Artificial intelligence may be used to identify benign thyroid nodules


An ultrasound-based artificial intelligence classifier of thyroid nodules identified benign nodules with sensitivity similar to fine-needle aspiration, according to data presented at ENDO 2022.

“Artificial analysis of thyroid ultrasound images can identify nodules that are very unlikely to be malignant,” Nikita Pozdeyev, MD, PhD, assistant professor at University of Colorado Anschutz Medical Campus, told Healio. “These are mostly spongiform nodules that have a less than 3% probability of malignancy.”

Nikita Pozdeyev, MD, PhD
Pozdeyev is an assistant professor at University of Colorado Anschutz Medical Campus.

Pozdeyev and colleagues trained a supervised deep learning classifier of thyroid nodules on 32,545 images of 621 thyroid nodules acquired from University of Washington. The classifier was then tested on an independent set of 145 nodules collected from the University of Colorado. The Big Transfer BiT-M ResNet-50×1 convolutional neural net architecture was modified to contain, 3, 4, 6 and 3 PreActBottleneck units per block 1 through 4. Weights pretrained on the ImageNet-21k dataset were loaded, and weights for blocks 3 and 4 fine-tuned for the binary classification task of distinguishing between benign and malignant thyroid nodules.

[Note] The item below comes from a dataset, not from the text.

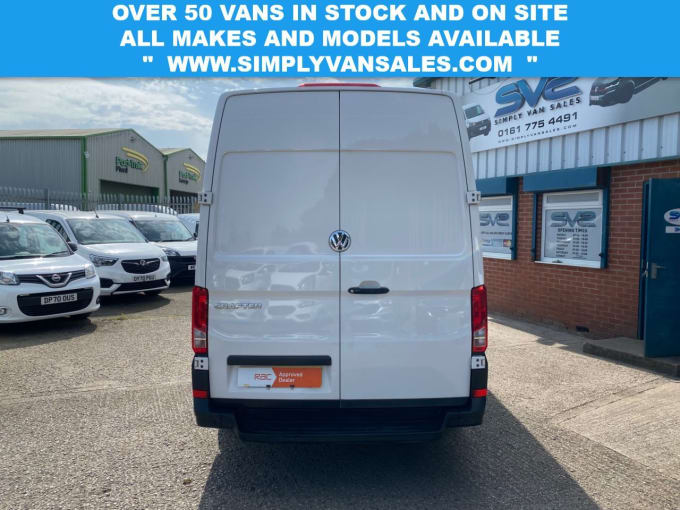 2025 Volkswagen Crafter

“We used an approach used to train clinically relevant classifiers called transfer learning,” Pozdeyev said in a press conference. “We took a model trained on natural images like cars, dogs and humans, and then that model is trained on an image set with tens of millions of images. Then we modified that model to work on a specific task — in our case, to take ultrasound images of thyroid nodules and make a call: cancerous or benign.”

When scaled by nodule size and using six random cine clip images per nodule, the classifier achieved an area under receiver operating characteristic curve of 0.872 on five-fold cross-validation. In the training data set of thyroid nodules, the classifier achieved a sensitivity of 94%, a specificity of 52% and a negative predictive value of 96% when determining benign vs. malignant nodules.

In the independent test set of thyroid nodules, the classifier achieved a sensitivity of 97% and a specificity of 61%. The negative predictive value was 98.5% and the positive predictive value was 40%.

“Computer-assisted diagnosis systems will be increasingly used by physicians of all specialties, including endocrinology,” Pozdeyev told Healio. “Our proof-of-concept study showed that an artificial intelligence-based thyroid nodule classifier can objectively select thyroid nodules that are unlikely to be malignant, do not require fine-needle aspiration biopsy, and can be managed with active surveillance. The validation of such a computer-assisted diagnosis system in a prospective clinical trial will be necessary before introduction into clinical practice.”